Architecture
Compass is designed to observe authentication without slowing it down. The core challenge: recording step-by-step flow data to a database during a latency-sensitive login request. Compass solves this with an asynchronous, channel-based architecture that decouples recording from the hot path.
The FlowRecorder
The FlowRecorder is the single entry point for all Compass operations. It’s injected into the authentication service and exposes three methods:
// Create a new flow (awaits persistence for FK safety)
async fn start_flow(realm_id, client_id, grant_type, ip, user_agent) -> FlowId
// Record a step (fire-and-forget, non-blocking)
fn record_step(flow_id, step_name, status, duration_ms, error_code, error_message)
// Mark the flow as completed (fire-and-forget, non-blocking)
fn complete_flow(flow_id, status, duration_ms, user_id)
Channel Architecture
graph LR
AUTH[Authentication Service] -->|CompassEvent| CH[mpsc channel]
CH --> W[Writer Task]
W --> DB[(PostgreSQL)]The FlowRecorder communicates with a background writer task through a Tokio mpsc (multi-producer, single-consumer) channel.

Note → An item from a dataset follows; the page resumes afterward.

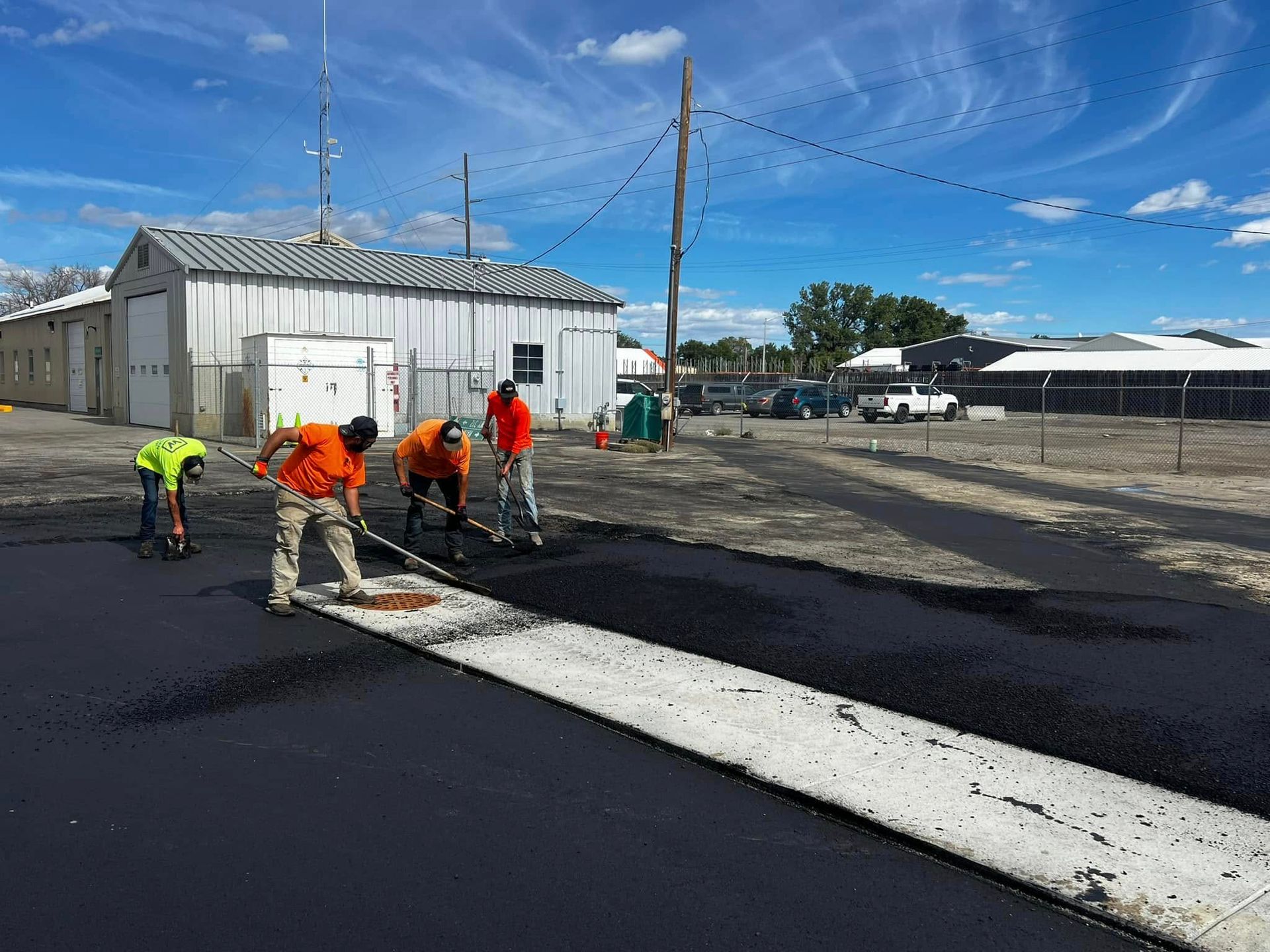 A group of construction workers are working on a road.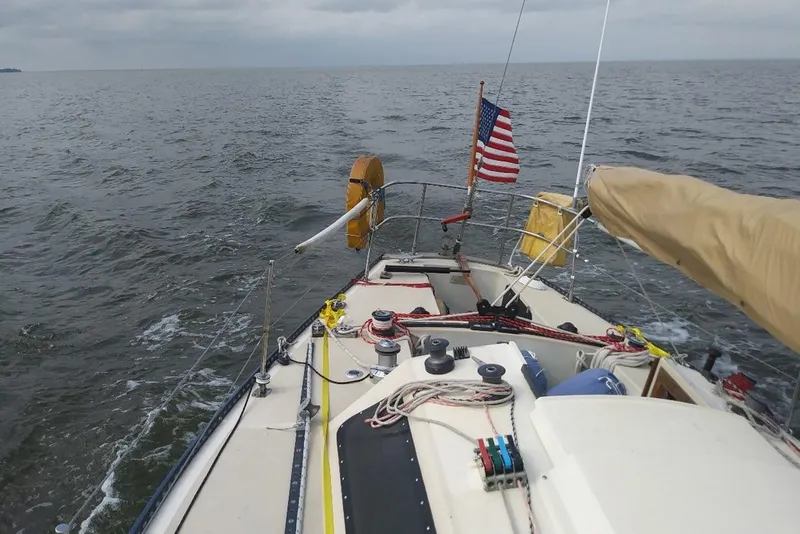 Slide: The Image of Sailing on a 1975 Carter 3/4 Ton yacht with American flag on open sea. - 14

Three event types flow through the channel:
| Event | Behavior | Blocking? |
|---|---|---|
FlowStarted | Creates the flow record. Includes a oneshot acknowledgment channel. | Yes — waits for DB write |
StepRecorded | Persists a step record. | No — fire and forget |
FlowCompleted | Updates the flow with final status, duration, and user ID. | No — fire and forget |
Why FlowStarted Blocks
The start_flow() method is the only one that awaits a response. This is intentional: the flow ID is used as a foreign key on auth_sessions.compass_flow_id. If the flow hasn’t been persisted yet when the auth session is created, the FK constraint would fail. The oneshot acknowledgment ensures the flow exists in the database before returning:
pub async fn start_flow(&self, ...) -> FlowId {
let flow = CompassFlow::new(...);
let id = flow.id.clone();
let (ack_tx, ack_rx) = oneshot::channel();
self.send(CompassEvent::FlowStarted { flow, ack: ack_tx });
// Wait for the writer to persist the flow
let _ = ack_rx.await;
id
}
Backpressure and Graceful Degradation
The channel has a bounded capacity. When the channel is full (the writer can’t keep up):
try_send()fails immediately- The event is dropped
- A warning is logged:
"Compass: channel full, dropping event" - Authentication continues normally — Compass never blocks or fails a login
This is a deliberate design choice: observability data is valuable but not critical. A dropped step record is acceptable; a blocked login request is not.
Disabled Mode
When compass_enabled is false, the FlowRecorder is constructed with FlowRecorder::disabled():
pub fn disabled() -> Self {
Self {
enabled: Arc::new(AtomicBool::new(false)),
sender: None, // No channel allocated
}
}
All methods check the enabled flag first and return immediately. No channel, no events, no database writes. The Arc<AtomicBool> allows toggling at runtime without restarting the server.
Persistence Layer
Compass uses two repository traits for database access:
CompassFlowRepository
| Method | Description |
|---|---|
create_flow(flow) | Insert a new flow record |
update_flow_status(flow_id, status, completed_at, duration_ms, user_id) | Mark a flow as completed |
get_flows(realm_id, filter) | Query flows with filtering and pagination |
get_flow_by_id(flow_id) | Fetch a single flow by ID |
count_flows(realm_id, filter) | Count matching flows |
purge_old_flows(older_than) | Delete flows older than a given date |
get_stats(realm_id) | Aggregate statistics for a realm |
CompassFlowStepRepository
| Method | Description |
|---|---|
create_step(step) | Insert a step record |
get_steps_for_flow(flow_id) | Fetch all steps for a flow |
Both repositories are implemented via SeaORM against PostgreSQL, following FerrisKey’s hexagonal architecture (traits in ports.rs, implementations in infrastructure/).
Data Lifecycle
Retention
Compass flows accumulate over time. For a high-traffic realm, this can mean thousands of flows per day. The purge_old_flows(older_than) method removes flows (and their steps, via CASCADE) older than a given timestamp.
Plan your retention
Compass does not auto-purge. Set up a scheduled task to call purge_old_flows() periodically — for example, deleting flows older than 30 days. This keeps the database manageable and queries fast.
Storage Estimate
A rough estimate per flow:
| Component | Size |
|---|---|
| Flow record | ~200 bytes |
| Step record (each) | ~150 bytes |
| Average steps per flow | 3–5 |
For a realm with 10,000 logins/day, that’s approximately 7–9 MB/day or 250 MB/month. Plan your PostgreSQL storage accordingly.